Releases: WillFilipski/entro.py
Major Fixes
It has come to my attention that the .count()
function (upon which this module relies heavily) is shockingly slow as it iterates through the sequence each time it finds a pair. Replacing it would therefore save O(n) computation time, so fixing it has become a necessity.
In addition, I found out that count() doesn't actually count all of the doublets in a given sequence... To test this, run sum(entro.fij(n, sequence))
and you will find it is not equal to 1. In the sequence "111," the .count()
function will count only one doublet "11" even though there are two! The newer Counter()
function fixes this, while also reducing run time.
The silver lining about replacing .count()
is that the collections package is excellent. I have removed all dependencies on input alphabets (previously defined as n = ["e", "t", "c"]
) as the code should be able to calculate that itself from the input sequence.

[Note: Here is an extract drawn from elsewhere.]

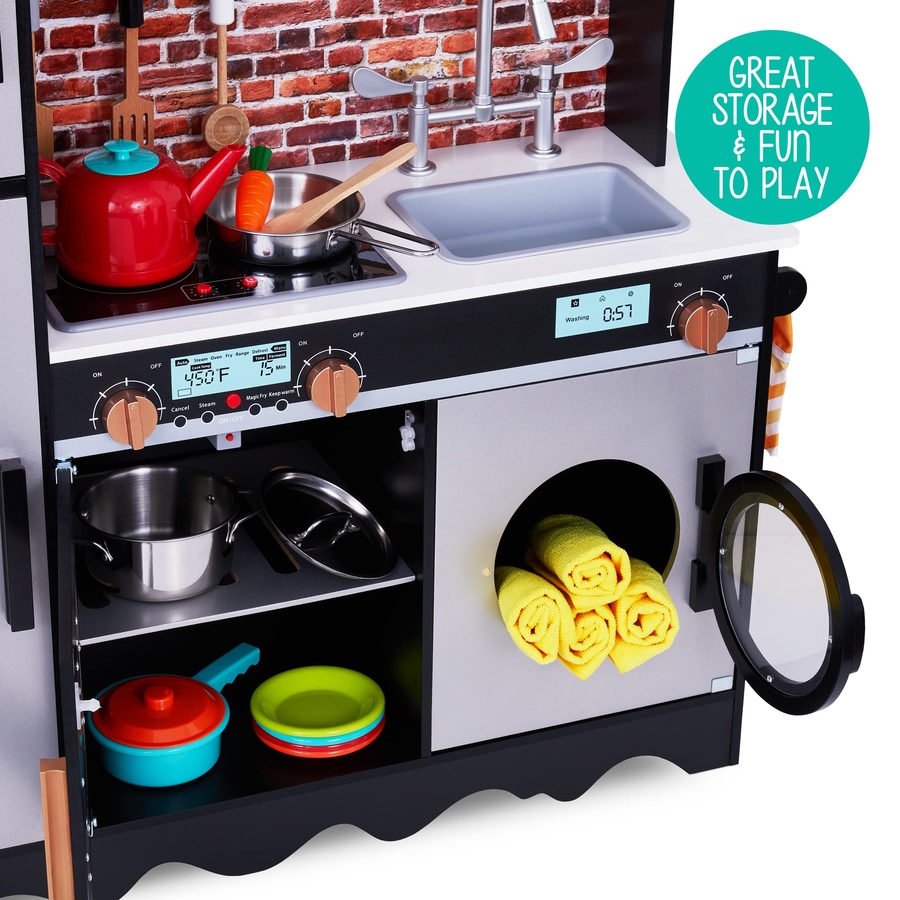 Image 829906_ALTMORE6.jpg, Product 829-906 / Price $274.39, Lil' Jumbl Large Kids Kitchen Set, Wooden Pretend Play Kitchen with Sounds & Accessories - Charcoal from Jumbl on TSC.ca's Toys & Hobbies department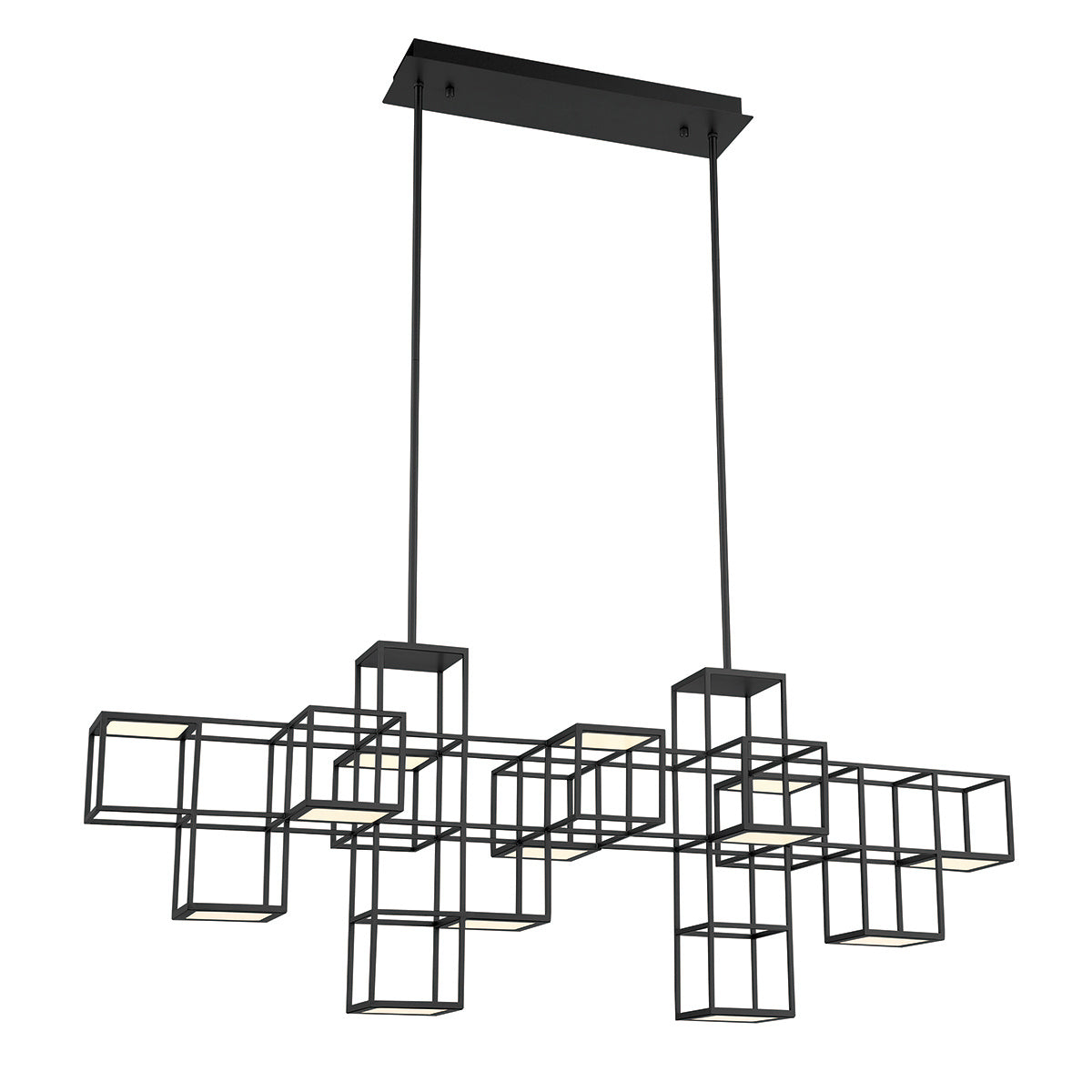 Eurofase Ferro 55" 13-Light LED Chandelier, Matte Black, front view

This update represents massive fixes for run times and corrections to calculations. So while the code is not as pretty to look at anymore, it is far more functional. My honest recommendation is if you did ANY calculations at all with the previous version, they are likely wrong and should be redone!! Whoops!
My plan for the next update is to get triplet frequencies working and the associated informational parameters. Hopefully in the future I can add nth frequencies. Stay tuned!
Full Release
Code is now modularized and useable. Follow instructions on updated README.md.
Initial release
v0.1.0 Added documentation for functions.